I'm afraid I'm confused Sir Ron. But maybe you could explain to me later after we address the issue of the password.

Okay, what does it need to be?

Anything. Just a word or phrase that someone isn't likely to guess.

Okay… how about… What was that you called me?

When?

Just a minute ago.

Master Weasley?

No the other one.

Sir Ron?

Yeah! That's it. That'll be my password. Sir Ron… I like that, makes me sound brave and noble.

Marvelous, sir. I have no doubt that you are, brave and noble that is.
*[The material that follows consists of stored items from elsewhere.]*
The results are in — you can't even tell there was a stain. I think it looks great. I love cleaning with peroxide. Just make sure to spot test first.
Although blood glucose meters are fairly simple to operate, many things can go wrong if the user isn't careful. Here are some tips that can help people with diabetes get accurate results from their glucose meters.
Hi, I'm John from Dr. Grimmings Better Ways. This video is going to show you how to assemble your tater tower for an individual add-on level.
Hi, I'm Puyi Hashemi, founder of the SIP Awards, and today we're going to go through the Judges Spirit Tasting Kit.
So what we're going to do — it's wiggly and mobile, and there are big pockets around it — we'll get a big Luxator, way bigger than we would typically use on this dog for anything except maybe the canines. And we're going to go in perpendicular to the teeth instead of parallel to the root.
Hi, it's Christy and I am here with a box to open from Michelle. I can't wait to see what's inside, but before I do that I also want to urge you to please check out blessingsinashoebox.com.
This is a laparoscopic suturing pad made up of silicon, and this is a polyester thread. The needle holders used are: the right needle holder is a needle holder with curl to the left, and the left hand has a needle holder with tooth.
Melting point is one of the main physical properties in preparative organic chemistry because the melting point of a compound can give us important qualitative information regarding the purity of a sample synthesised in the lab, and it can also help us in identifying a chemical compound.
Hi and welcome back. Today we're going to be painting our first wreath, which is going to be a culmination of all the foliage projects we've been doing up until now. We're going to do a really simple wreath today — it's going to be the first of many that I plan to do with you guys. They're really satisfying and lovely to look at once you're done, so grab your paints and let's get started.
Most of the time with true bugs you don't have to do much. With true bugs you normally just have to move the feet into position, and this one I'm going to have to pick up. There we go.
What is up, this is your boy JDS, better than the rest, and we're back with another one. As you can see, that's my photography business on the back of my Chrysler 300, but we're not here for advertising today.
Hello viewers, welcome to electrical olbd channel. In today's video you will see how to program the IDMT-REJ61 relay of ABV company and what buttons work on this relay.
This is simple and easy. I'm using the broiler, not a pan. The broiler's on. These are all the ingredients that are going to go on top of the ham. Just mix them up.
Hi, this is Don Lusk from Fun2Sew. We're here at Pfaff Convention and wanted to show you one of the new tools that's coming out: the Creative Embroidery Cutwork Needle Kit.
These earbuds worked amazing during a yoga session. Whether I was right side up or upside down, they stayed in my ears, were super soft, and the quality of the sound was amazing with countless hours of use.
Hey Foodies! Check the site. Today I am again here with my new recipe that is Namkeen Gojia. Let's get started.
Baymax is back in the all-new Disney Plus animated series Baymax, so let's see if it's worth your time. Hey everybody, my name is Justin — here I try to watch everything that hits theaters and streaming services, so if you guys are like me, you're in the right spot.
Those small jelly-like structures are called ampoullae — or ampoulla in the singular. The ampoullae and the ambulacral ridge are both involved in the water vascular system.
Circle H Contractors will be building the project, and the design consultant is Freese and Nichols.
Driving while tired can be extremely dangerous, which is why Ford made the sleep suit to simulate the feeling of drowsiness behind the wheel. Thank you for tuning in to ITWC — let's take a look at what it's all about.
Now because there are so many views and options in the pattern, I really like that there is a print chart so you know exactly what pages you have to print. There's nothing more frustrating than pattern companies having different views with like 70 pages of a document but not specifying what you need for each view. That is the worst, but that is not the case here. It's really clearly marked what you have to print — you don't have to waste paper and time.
Yeah… So I just write that at the top of each entry, and without it you can't tell any of my secrets?

Correct.

Wicked. Now I don't have to worry about my sister going through my journal. Not that she would… she doesn't like journals much since…

Sir? Are you all right?

I'm fine. I just still feel a little guilty about keeping you. My mum and dad wouldn't like it that's for sure, and Ginny would go nuts, probably start crying and stuff if she knew I had a journal. So let's just keep this between us, okay.

Of course sir. But whom would I talk to besides you.

Good point. But if anyone starts to write to you, just don't answer back, then they won't know you're here.

Whatever you wish, sir. But I confess I still don't understand.

Don't worry about it. I'll tell you about it some other time. I have to go right now anyway, it's time for dinner.